Runners are all a little crazy

I've recently struggled with what makes someone a "runner" and I know my friends and family have certainly wondered what would ever motivate someone to willingly put themselves through so much pain, but I think I'm starting to find some answers. I started running seriously about three years go, mostly as a great stress reliever and way to stay in shape for the other sports I enjoy. Over these three years I've slowly acquired some nice running gear (thank you South Boston Running Emporium and REI) and began to talk the runner's lingo, but was still hesitant to ever call myself a "runner".  I have generally stayed away from races because in my mind they took something that was peaceful and relaxing (an evening run down by the beach after a stressful day at work) and turned it into something that consisted of a lot of pain during and after the race.  So why mix something relaxing with a race that will only bring out my strong competitive tendencies and result in lots of pain?

This weekend I participated in the NH Reach the Beach team running relay race.  Essentially, teams of 4-12 runners run 200 miles from the mountains of NH to the Atlantic Ocean in around 24 hours of non-stop running, a pretty crazy idea if you ask me.  My team of 12 had a great time running and did far better than anticipated (17th out of 138 teams in our division!), but for me this race was meaningful because of what I learned:  what it means to be a "runner" and that I now am willing to consider myself one.
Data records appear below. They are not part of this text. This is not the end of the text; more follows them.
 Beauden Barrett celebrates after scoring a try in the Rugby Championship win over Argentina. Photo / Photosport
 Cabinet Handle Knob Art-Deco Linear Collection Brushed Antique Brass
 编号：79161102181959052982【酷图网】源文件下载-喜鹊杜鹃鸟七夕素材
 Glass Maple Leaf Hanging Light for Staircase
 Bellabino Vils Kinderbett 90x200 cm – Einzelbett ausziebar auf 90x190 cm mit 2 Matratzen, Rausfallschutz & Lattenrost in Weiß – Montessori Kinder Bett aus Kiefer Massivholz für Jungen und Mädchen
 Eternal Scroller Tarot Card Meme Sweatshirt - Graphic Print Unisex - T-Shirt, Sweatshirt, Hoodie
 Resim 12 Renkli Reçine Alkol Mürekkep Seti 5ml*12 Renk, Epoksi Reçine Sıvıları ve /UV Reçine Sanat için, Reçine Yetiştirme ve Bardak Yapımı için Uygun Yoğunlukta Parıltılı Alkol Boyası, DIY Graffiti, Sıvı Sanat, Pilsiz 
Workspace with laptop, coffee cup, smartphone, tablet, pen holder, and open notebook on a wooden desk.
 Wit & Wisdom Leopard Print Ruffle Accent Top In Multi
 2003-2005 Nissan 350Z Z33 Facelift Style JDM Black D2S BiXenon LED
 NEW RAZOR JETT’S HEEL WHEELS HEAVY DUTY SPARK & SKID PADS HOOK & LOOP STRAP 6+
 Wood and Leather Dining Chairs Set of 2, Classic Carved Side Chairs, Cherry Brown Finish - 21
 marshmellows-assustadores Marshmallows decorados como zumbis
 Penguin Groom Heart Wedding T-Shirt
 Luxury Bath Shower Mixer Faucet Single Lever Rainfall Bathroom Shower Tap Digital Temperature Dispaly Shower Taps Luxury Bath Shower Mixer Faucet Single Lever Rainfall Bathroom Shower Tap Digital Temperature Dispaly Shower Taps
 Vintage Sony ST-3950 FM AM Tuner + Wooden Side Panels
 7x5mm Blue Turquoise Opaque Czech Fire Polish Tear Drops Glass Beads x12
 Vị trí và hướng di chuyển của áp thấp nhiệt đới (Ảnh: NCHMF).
Unlike other sports I enjoy that have periods of rest and those with max exertion, running a race requires constant physical and mental exertion and in most cases lots of pain.  Somewhere in my 2nd leg (~7 miles long), as I struggled through the pain of an injury I've been battling lately, I found myself finding even more from within to keep pushing myself harder to get that next "kill" (passing another runner).  This strength didn't come from my teammates, the scoreboard, or the desire to impress anybody, but rather from the sick enjoyment I get from pushing my body to new extremes to see what it is capable of doing.  Our bodies are unbelievable machines and I'm slowly realizing that if I take care of it I can push myself harder than I would have ever thought possible.  The rush I get from fulfilling this inner desire is what makes races enjoyable and the pain tolerable.  In my eyes it is what turns someone who simply enjoys running into a "runner".  It also makes me aware of the fact that every runner (myself now included) is a little bit crazy.